Kroger Bid for Albertsons Problematic
Analysts skeptical on value
CINCINNATI -- Reports of a Kroger-Albertsons deal may be premature, said a MarketWatch report. Reacting to reports, analysts mostly said that Kroger, the nation's biggest grocery chain, would create more problems for itself than value by trying to absorb Albertsons, the nation's second-largest chain.
Analysts cited by MarketWatch said they think that Albertsons $10 billion plus price tag would distract Cincinnati-based Kroger's effort to clean up its own balance sheet while trying to battle the likes of Wal-Mart Stores Inc. We hope Kroger is only poking [image-nocss] around Albertson's for informational purposes, Prudential Securities analyst Robert Campagnino wrote in a note to clients.
Not a match made in heaven, was the headline on Goldman Sachs & Co analyst John Heinbockel's report. Kroger is a surprising bidder, he wrote.
Bear Stearns analyst Robert Summers called an Albertsons bid confusing after having just met with Kroger's management. We hope that news overstates Kroger's involvement, he wrote. It remains our impression that management was content pursuing opportunistic market fill-in strategy with respect to acquiring assets, an approach that has been successful for Kroger the past four years.
Investors were intrigued by the notion, said the report, pushing shares of Boise, Idaho-based Albertsons higher.
A Kroger acquisition of Albertsons would be problematic and distracting, analysts said. Although Albertsons could give Kroger immediate presence in the tight Chicago-area grocery market, there are a number of other cities where the two overlap. That would open the door to federal antitrust scrutiny on an acquisition as well as the closing of a number of stores, the report said.
The two companies have what Heinbockel called a sizeable overlap in California, Arizona and Colorado, and the cities of Dallas, Portland, Salt Lake City and Seattle. That could lead to forced divestitures in the neighborhood of 500 to 600 stores, the Goldman Sachs analyst said, that could reduce merger synergies enough to affect the bid price.
But more troubling to the analysts cited by MarketWatch are the greater operational difficulties facing Albertsons. Kroger has made significant progress against the challenges it faces in the grocery industry, Prudential's Campagnino said. Buying what we see as poorer-quality assets simply to gain access to a couple of markets makes little sense in what we continue to see as an over-stored food retailing environment.
Lehman Bros. analyst Meredith Adler agreed: Management will be highly distracted by the need to integrate such a large and far-flung empire, especially one that has seen deterioration in underlying fundamentals in nearly every region.

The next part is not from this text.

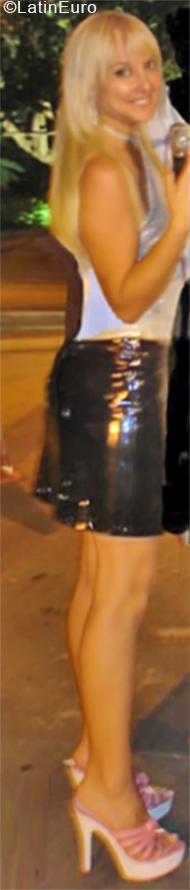 Date this sensual Brazil girl Fafi from Petropolis BR10758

She added that Kroger would likely lose its investment-grade rating, especially if it uses debt to pay for half of the purchase. The backlash from that is higher interest rates on borrowing and could make its long-term leases pricier, MarketWatch said.

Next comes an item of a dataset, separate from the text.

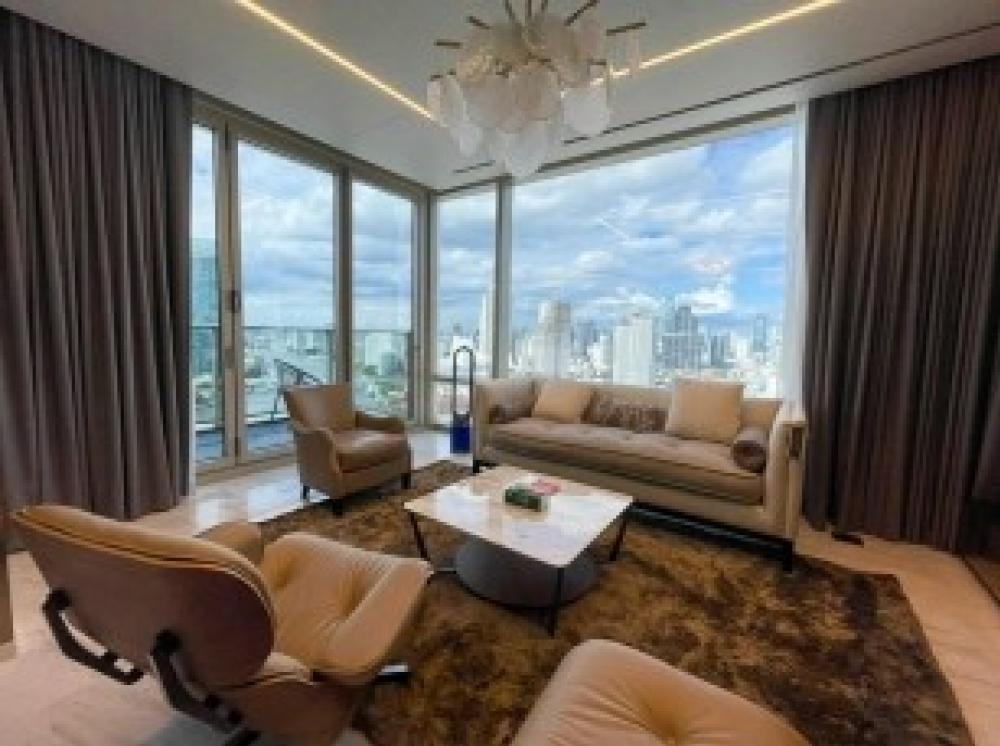 ขายคอนโดสาทร นราธิวาส : Four season private residence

But at least one analyst likes the idea, the report said. BB&T Capital Markets' Andrew Wolf upgraded his recommendation on Albertsons to buy, believing that the naysayers are underestimating the company's worth. While it is true that Albertson's is a nonintegrated collection of both good and bad assets, on a profit-weighted basis the good far outweighs the bad, he said. By his estimate, 70% of Albertson's company stores ring up 90% of operating profit, with much of that coming from the prized assetsJewel, Shaw's, Acme, Osco and Sav-on.